When he started running for president, I’m convinced that Sanders didn’t think he had a chance, but once the donations started flowing in and he saw the cheering crowd and read the article lionizing him, he began to believe he would win the nomination and actually be able to run the country his way.
Now that he has lost, Sanders seems determined to take everyone else down with him and hand the presidency to a seriously insane person with no experience in politics or government and no interest in learning about either.
Michael Tomasky at The Daily Beast: Bernie and Jane Sanders: The Democratic Party’s Thelma and Louise.
Now we are forced to ask whether Bernie Sanders has decided he wants to destroy the Democratic Party. I’m sure he would say he wants to save it. The way we saved villages in Vietnam. You know the quote.
I don’t allege that he decided to run as a Democrat for this reason. He did so, I’m told by those who’d know, because he did not want to be the 21st-century Ralph Nader and because he knew that running against Hillary Clinton would give him a much bigger stage on which to inveigh against the parasites.
That was then. But now, after the Nevada fracas and his gobsmacking statement in the wake of it, it’s remorselessly clear that he wants to obliterate the Democratic Party. Revolutions take on lives of their own. Robespierre never thought back in 1790 or ’91 that the guillotine would be needed. But as the dialecticians like to say, historical circumstances change. By 1793, those little sheep who’d been misled by sellouts like Danton were part of the…corrupt establishment.

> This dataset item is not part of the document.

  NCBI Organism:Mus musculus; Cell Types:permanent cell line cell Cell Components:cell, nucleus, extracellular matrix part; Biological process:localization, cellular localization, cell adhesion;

Tomasky explains what he thinks is motivating Bernie and Jane Sanders and Jeff Weaver’s vicious attack on the Democratic Party.
Most things that happen in campaigns tell us something about people as politicians. This statement told us something about Sanders—and, I suspect, about his wife, Jane, and Jeff Weaver, his campaign manager—as human beings. Everything is subordinated to ideology. Basic human impulses are buried. There is only politics, only ideology, only the movement. I’m really glad we’re not in Romania in 1965. I know where I’d be.
I know this because I’ve known lots of people like this. Leftists like Sanders regard the Democratic Party as a far bigger problem in the world than the Republican Party. The thinking goes like this: The Republicans, sure, everybody knows they’re evil. That’s obvious. But the Democrats, they’re evil too. They adopt a few attractive positions, say nice things on certain issues as long as saying those nice things doesn’t really threaten the established economic order, so they’re even worse, finally, because they fool people into thinking they’re on their side. I heard this a hundred times from the old guys who used to hector me at the Socialist Scholars Conference in Manhattan 25 years ago when I used to speak there.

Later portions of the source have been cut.